» TASK DESCRIPTION
Below are some records. Print exactly the lines between the one holding "Чехол для Huawei" and the one holding "I'm a diabetic.", inclusive, and nothing else.
═════ INPUT MATERIAL ═════
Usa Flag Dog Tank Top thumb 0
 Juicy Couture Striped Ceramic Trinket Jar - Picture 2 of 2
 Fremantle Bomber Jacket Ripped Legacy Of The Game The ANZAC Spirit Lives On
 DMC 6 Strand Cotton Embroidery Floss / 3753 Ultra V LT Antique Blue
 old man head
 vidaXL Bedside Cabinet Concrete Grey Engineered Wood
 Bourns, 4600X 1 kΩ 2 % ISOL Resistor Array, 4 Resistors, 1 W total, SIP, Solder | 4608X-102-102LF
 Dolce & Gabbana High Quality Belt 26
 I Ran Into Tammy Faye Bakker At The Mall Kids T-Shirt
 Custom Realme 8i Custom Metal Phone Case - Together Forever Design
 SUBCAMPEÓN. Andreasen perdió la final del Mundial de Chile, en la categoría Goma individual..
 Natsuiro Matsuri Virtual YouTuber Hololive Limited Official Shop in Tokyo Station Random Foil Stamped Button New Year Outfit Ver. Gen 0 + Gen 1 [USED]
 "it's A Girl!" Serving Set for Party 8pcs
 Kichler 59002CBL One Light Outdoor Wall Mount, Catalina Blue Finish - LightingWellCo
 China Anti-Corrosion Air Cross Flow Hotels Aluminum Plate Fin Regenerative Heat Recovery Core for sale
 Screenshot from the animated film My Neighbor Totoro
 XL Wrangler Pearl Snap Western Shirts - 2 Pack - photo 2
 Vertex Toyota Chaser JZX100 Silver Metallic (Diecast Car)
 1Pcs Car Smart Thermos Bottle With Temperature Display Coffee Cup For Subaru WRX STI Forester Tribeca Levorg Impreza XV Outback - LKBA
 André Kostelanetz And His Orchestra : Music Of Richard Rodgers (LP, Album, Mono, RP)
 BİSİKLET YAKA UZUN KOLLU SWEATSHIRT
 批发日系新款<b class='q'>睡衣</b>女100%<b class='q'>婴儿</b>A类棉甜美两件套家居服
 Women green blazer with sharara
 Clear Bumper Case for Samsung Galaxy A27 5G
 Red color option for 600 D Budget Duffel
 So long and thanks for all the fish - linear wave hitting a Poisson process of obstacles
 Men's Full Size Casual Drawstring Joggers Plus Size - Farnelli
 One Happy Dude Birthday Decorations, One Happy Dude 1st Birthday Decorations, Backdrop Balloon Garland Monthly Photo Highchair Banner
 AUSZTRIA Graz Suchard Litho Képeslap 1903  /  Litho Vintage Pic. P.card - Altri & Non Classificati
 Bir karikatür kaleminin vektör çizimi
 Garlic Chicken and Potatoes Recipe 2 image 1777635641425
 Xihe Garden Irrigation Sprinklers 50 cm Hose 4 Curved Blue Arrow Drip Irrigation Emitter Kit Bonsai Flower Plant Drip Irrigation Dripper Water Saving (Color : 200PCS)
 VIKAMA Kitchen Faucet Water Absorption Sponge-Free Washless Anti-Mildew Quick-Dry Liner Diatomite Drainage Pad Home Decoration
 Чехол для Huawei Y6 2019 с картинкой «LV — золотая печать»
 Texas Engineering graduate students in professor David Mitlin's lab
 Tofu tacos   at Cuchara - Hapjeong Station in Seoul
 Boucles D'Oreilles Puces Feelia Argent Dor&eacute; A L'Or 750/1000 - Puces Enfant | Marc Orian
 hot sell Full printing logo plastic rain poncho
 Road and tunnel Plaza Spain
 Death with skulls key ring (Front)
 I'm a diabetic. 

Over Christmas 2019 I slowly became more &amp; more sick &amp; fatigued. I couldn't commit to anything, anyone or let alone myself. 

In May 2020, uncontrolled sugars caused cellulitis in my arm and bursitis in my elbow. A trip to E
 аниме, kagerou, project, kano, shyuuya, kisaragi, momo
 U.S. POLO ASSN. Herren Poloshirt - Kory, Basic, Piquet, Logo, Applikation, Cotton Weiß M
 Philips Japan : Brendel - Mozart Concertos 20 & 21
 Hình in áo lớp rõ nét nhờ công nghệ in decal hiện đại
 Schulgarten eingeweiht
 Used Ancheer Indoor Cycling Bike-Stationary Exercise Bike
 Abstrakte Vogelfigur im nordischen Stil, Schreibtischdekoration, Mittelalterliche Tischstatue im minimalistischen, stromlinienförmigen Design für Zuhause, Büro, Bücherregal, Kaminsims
═════
» EXERCISE RESPONSE
 Чехол для Huawei Y6 2019 с картинкой «LV — золотая печать»
 Texas Engineering graduate students in professor David Mitlin's lab
 Tofu tacos   at Cuchara - Hapjeong Station in Seoul
 Boucles D'Oreilles Puces Feelia Argent Dor&eacute; A L'Or 750/1000 - Puces Enfant | Marc Orian
 hot sell Full printing logo plastic rain poncho
 Road and tunnel Plaza Spain
 Death with skulls key ring (Front)
 I'm a diabetic. 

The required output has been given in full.